A new look at history
Wir sind Osterrreicher: Erwin Traxl by Shovana Traxl Narayan portrays the struggles of a non-Jew Austrian family from the eyes of an Indian. By Ankita Jain
Often when one speaks of the rich tradition that kathak is, it resonates with the plethora of artistes the dance form has provided us with. For someone like the impeccable Shovana Traxl Narayan, who breathes dance, this is the tradition she has lived by all her life. Over the past few decades, she has added to her collection of unusual themes using the kathak idiom: from the life of Mahatma Gandhi to dowry deaths, the trials of Draupadi to injustice against the girl child, from fusion with other Indian classical dance forms to duets with flamenco and tap dancers. And this time she has taken the root of writing to talk about the struggles of non-Jew Austrians during Nazi regime.
Talking about her first book Wir sind Osterrreicher: Erwin Traxl, which means A story of Survival, Resilience and Redemption, she says, “The book talks about the tumultuous and twisted period in which my father-in-law (born 1884, died 1975) lived in. And as the title says — Wirsind Oesterreicher (i.e. We are Austrians) — deals a lot about identity, what they were, what they are and what they became.”

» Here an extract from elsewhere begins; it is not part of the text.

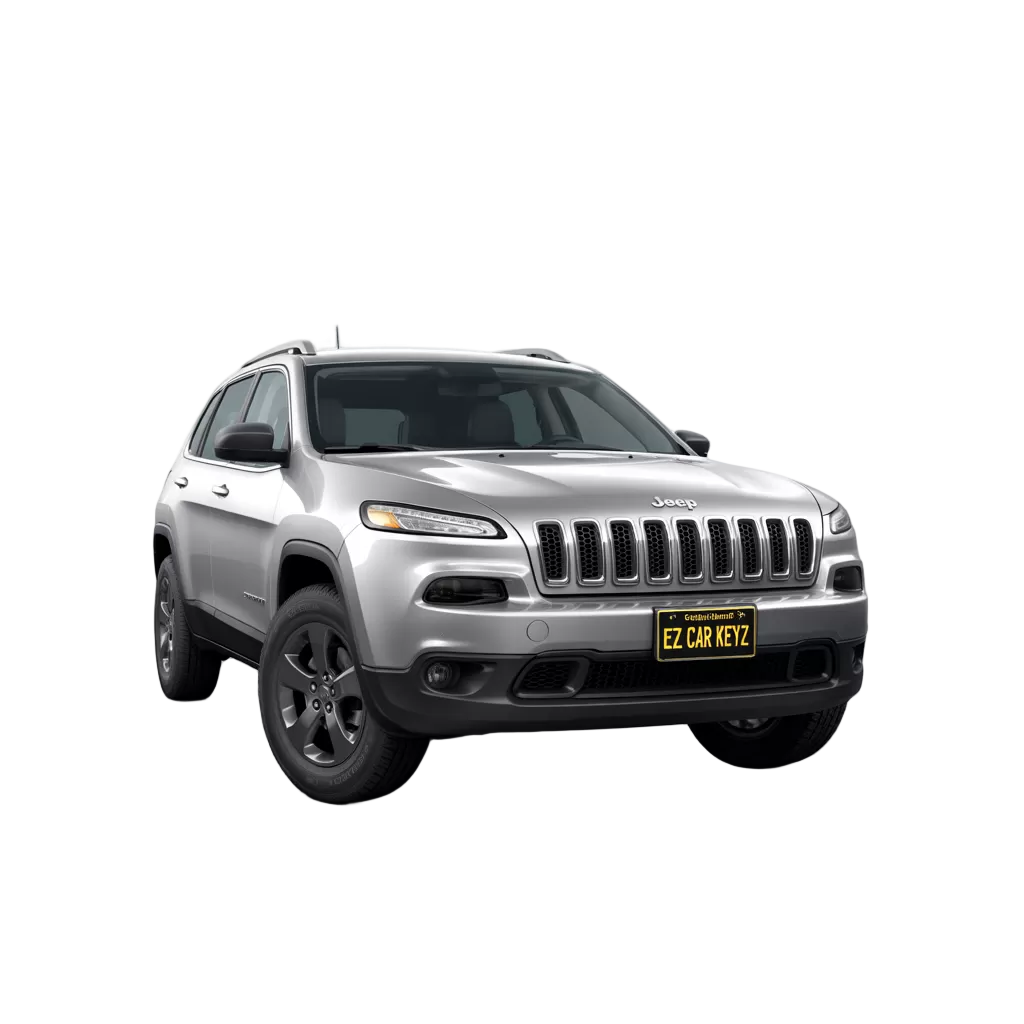 2012 Jeep Cherokee Key 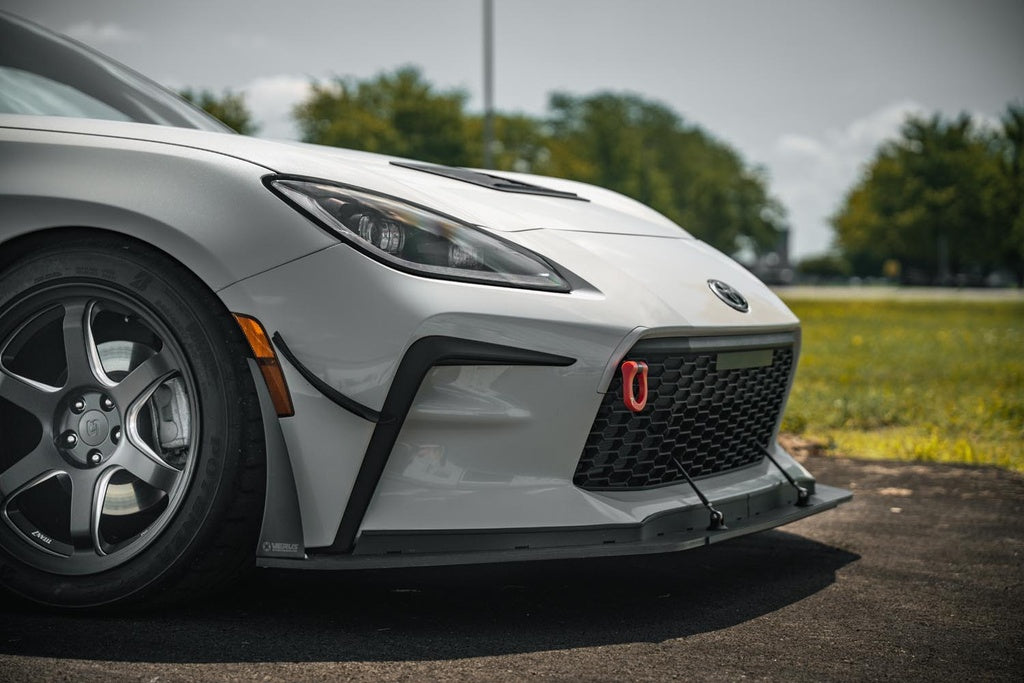 Verus Engineering Air Dam Kit - 2022+ Toyota GR86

Shovana, who has derived her entire existence from dance, heard stories about her father-in-law from her in-laws and was inspired to pen it down in first person. “I am a balanced person; at harmony with myself and my surroundings. I learnt to appreciate different cultures alongside our very own Indian philosophy. And when I got married and was told stories about non-Jew families in Austria who were anti-Nazi, my level of curiosity increased.”
Describing the struggles of a non-Jew family then, she says, “I have written a story which recounts a family saga placed against the dramatic backdrop of Austrian history. This volume provides insights into Austrian history from the old monarchy to the modern times, from the intimate and personal perspective of a family that was engaged with the great events unfolding around them.”
As someone who has taken the domain of dance to a global level, Shovana reveals some unknown facts she discovered while researching about the book. “First every family then was trying to find their own answer to the issue of nationalism. Second, we never made any difference between German people and German-speaking people but there lies a huge difference. Third, most of us are aware of the sufferings of the Jews under Nazi regime but many of us are not aware of the sufferings of the non-Jew Austrians. They neither could protest nor say anything. All they had to do is follow what they were asked to do. Fourth, even in schools and colleges, teachers were being replaced by the hardliners to change the mindset of the young generation. My sisters-in-law were punished and forced to change schools. The Nazis also defined what is good music and bad music. And last, the book also sums up some of the factors that led to catastrophic developments in Europe during the first half of the 20th century. “
Shovana maintained a balance between writing the book and her passion for dance in between. “It took me two years to complete the book. I was digging out letters and photographs and also performing in between.” She further adds, “The way stories were narrated to me was very pragmatic. I relearnt history not from the colonial angle but from the perspective of a non-Jew Austrian.”
One also learns so much about the development of history and philosophy through arts, she says. “For instance, the references to ghoonghat (veil) only come in the medieval period. But today, it is the most used gesture to portray a woman, regardless ofthe dance form. One is able to trace the social changes that have taken place in this regard,” shares Shovana.
In between, she also talks about how dance as a subject needs to move from the extra-curricular to the mainstream in a balanced manner.
“We’ve lost sight of the traditional Indian educational system which we had centuries ago, only for reasons too well-known. That needs to be revisited. Our roots lie there and they make us global citizens. Not everyone is born to become a great musician or a dancer but the sensitivity to appreciate these things is important and that comes only with awareness. We need good rasikas too. Even if someone only learns it as a hobby, that person is able to appreciate it a little more, which is a big thing.” she says.
Shovana’s approach is extremely interesting when it comes to addressing people who say that one dance form is better than the other. She says that every one of them uses the rasa to express emotions. “The eye movements in kathakali or the subtlety of Manipuri or the clarity in footwork and speed of kathak — each has its own level of difficulty and mastery. As a soloist, I am able to perform five different characters using mudras, something a Western classical ballet dancer is not trained for. But on the other hand, their movements are anti-gravity, which is something Indian classical dancers are not familiar with,” she concludes.